As HIV-infected patients live longer, more are developing chronic diseases typical of aging — but they appear to be doing so earlier and at a higher rate than the general population.
Since the advent of potent antiretroviral therapy (ART), the primary causes of morbidity and mortality among HIV-infected patients have shifted from AIDS-related illnesses to the chronic noncommunicable conditions typically associated with aging. Two research groups recently described the epidemiology of these conditions in HIV-infected patients.
Guaraldi and colleagues evaluated the prevalence of noninfectious comorbidities among 2854 HIV-infected patients receiving ART in Italy (mean age, 46; 71% with undetectable viral loads; median duration of infection, 16 years; median nadir CD4 count, 170 cells/mm3; median current CD4 count, 520 cells/mm3) and 8562 HIV-uninfected controls matched for age and sex. Compared with the controls, the HIV-infected patients had a higher prevalence of renal failure, bone fracture, and diabetes in every age range evaluated (40, 41–50, 51–60, and >60), as well as a higher prevalence of cardiovascular disease and hypertension at ages 60. They were also more likely, across all age strata, to have at least two of these conditions simultaneously (which the authors describe as “polypathology”). Of note, the HIV-infected patients appeared to develop polypathology at a younger age than controls, such that a 40-year-old HIV-infected patient had a risk similar to that of a 55-year-old HIV-uninfected person.
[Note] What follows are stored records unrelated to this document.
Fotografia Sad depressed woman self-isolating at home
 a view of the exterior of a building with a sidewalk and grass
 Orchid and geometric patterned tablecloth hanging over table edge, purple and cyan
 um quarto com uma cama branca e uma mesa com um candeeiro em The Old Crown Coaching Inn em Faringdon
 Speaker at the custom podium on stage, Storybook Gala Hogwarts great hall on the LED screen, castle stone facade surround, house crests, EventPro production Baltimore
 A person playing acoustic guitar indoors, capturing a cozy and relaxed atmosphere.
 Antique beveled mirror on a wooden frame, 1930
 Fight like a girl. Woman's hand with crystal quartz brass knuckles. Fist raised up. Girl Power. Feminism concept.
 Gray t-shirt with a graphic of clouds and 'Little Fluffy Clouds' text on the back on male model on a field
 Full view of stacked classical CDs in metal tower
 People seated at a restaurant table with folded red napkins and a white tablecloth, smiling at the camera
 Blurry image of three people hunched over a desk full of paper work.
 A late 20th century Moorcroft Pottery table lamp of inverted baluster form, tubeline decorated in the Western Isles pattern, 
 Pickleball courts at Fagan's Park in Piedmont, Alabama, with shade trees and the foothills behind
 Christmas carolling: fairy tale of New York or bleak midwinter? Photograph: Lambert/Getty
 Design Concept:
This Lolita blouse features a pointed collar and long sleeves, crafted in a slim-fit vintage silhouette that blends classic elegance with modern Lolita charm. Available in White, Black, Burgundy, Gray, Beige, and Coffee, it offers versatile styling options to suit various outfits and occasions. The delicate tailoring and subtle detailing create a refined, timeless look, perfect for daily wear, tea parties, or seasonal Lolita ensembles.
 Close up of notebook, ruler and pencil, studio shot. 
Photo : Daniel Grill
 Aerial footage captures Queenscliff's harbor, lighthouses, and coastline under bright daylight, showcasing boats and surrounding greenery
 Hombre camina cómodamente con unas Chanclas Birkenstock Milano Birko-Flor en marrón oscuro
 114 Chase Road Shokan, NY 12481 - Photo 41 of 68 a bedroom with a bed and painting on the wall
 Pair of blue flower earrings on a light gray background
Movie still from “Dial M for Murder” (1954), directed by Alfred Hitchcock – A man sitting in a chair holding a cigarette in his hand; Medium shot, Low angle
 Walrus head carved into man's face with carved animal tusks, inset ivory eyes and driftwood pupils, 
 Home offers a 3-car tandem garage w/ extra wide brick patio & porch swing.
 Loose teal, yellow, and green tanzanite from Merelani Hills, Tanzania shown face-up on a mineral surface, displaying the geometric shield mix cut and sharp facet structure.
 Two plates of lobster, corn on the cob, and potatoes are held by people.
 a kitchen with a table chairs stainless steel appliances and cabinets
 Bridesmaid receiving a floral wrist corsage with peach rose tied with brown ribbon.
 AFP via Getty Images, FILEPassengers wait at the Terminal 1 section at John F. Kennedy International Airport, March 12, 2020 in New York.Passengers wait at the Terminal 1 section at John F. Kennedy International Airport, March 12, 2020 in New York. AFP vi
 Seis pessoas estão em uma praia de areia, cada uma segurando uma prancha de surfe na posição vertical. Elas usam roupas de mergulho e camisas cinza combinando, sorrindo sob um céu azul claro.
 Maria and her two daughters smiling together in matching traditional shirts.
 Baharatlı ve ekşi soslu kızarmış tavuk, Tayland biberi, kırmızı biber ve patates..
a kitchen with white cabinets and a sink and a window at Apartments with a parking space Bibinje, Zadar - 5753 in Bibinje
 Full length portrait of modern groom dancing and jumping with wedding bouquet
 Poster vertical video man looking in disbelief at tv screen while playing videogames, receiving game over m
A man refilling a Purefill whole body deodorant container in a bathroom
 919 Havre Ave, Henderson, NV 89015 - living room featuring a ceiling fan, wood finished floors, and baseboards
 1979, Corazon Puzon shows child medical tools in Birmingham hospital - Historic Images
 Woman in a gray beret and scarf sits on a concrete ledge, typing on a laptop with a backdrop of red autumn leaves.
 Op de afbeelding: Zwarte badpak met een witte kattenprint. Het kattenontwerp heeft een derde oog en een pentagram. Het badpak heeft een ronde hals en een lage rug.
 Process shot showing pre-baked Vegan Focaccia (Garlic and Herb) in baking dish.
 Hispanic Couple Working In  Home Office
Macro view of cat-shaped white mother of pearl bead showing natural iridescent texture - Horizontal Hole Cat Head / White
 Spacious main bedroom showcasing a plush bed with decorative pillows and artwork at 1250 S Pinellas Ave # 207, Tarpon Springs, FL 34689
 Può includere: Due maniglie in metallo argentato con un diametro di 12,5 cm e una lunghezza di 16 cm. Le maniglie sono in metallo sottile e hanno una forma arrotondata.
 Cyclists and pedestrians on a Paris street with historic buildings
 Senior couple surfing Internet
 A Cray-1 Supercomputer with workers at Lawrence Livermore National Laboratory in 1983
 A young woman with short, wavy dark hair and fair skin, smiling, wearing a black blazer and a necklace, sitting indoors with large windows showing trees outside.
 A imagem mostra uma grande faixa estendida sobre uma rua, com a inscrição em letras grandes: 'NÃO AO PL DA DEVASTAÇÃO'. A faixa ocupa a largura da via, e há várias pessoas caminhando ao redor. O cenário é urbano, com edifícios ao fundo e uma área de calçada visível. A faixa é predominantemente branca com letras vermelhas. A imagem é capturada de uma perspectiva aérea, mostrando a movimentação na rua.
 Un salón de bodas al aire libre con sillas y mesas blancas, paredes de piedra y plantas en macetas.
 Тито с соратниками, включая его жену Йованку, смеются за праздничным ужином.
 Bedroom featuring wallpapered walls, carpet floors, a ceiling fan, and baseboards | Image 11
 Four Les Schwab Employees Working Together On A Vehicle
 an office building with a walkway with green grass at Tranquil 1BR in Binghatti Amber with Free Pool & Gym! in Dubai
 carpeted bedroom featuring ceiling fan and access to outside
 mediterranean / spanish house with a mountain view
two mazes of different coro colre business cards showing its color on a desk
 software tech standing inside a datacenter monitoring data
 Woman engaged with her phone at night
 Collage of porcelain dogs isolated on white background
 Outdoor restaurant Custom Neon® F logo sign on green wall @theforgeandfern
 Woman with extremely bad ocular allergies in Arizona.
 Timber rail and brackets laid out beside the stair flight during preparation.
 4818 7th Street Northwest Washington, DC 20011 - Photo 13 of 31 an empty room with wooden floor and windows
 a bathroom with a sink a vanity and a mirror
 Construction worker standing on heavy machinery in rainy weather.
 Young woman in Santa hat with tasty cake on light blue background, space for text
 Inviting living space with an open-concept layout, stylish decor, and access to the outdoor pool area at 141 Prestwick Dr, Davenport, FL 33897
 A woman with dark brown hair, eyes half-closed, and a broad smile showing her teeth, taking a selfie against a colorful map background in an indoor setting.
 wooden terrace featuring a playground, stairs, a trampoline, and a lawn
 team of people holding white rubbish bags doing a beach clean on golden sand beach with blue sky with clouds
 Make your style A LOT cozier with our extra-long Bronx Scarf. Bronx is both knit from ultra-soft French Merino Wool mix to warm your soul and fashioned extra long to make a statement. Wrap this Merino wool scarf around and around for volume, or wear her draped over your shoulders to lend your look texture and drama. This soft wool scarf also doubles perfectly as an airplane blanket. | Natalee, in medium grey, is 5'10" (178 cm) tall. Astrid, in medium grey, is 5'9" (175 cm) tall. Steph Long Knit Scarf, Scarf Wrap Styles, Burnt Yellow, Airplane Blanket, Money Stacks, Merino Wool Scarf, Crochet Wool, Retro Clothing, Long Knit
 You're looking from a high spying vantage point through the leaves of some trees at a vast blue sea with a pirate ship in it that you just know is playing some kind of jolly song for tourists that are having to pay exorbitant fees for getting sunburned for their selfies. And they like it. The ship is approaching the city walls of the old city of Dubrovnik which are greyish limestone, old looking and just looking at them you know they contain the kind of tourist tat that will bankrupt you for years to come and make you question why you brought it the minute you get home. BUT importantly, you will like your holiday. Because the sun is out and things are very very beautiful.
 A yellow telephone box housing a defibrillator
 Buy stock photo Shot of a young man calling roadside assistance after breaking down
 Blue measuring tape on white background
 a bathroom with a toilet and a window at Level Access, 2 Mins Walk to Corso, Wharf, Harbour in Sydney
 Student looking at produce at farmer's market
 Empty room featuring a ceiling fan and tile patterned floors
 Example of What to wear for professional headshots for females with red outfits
Among HIV-infected patients, polypathology was significantly associated with increasing age, male gender, nadir CD4 count <200 cells/mm3, lipoatrophy, and lipohypertrophy.
In a separate study, Hasse and colleagues evaluated the incidence of AIDS-related and non–AIDS-related events among 8444 patients who were followed in the Swiss HIV Cohort Study between 2008 and 2010 (median age, 45; median nadir CD4 count, 190 cells/mm3; median current CD4 count, 528 cells/mm3). Approximately 30% of study participants were female, 23% had a prior AIDS diagnosis, and 69% had undetectable viral loads. During follow-up, there were 100 new AIDS-related events in the cohort versus 994 new non-AIDS events, including 39 strokes, 55 myocardial infarctions, 70 cases of diabetes, 115 non–AIDS-defining malignancies, and 160 fractures. Each of these non-AIDS conditions was significantly more common after age 50, even after adjustment for factors related to HIV disease progression and the development of comorbidities.
Comment: Many people still believe that HIV infection is confined to young adults, but the patients in these two cohorts were decidedly middle-aged — and experiencing all the same chronic conditions as their uninfected peers, though perhaps at a younger age and greater frequency. Soon, more than half of our HIV-infected patients will be older than 50, which means that as HIV clinicians, we’ll be spending an increasing amount of time providing primary care. As Hecht and colleagues noted back in 1999 , “optimal care of HIV infection requires a combination of disease-specific expertise and primary care skills and organization.” Now may be the time for many of us to take a refresher course in primary care for the HIV provider.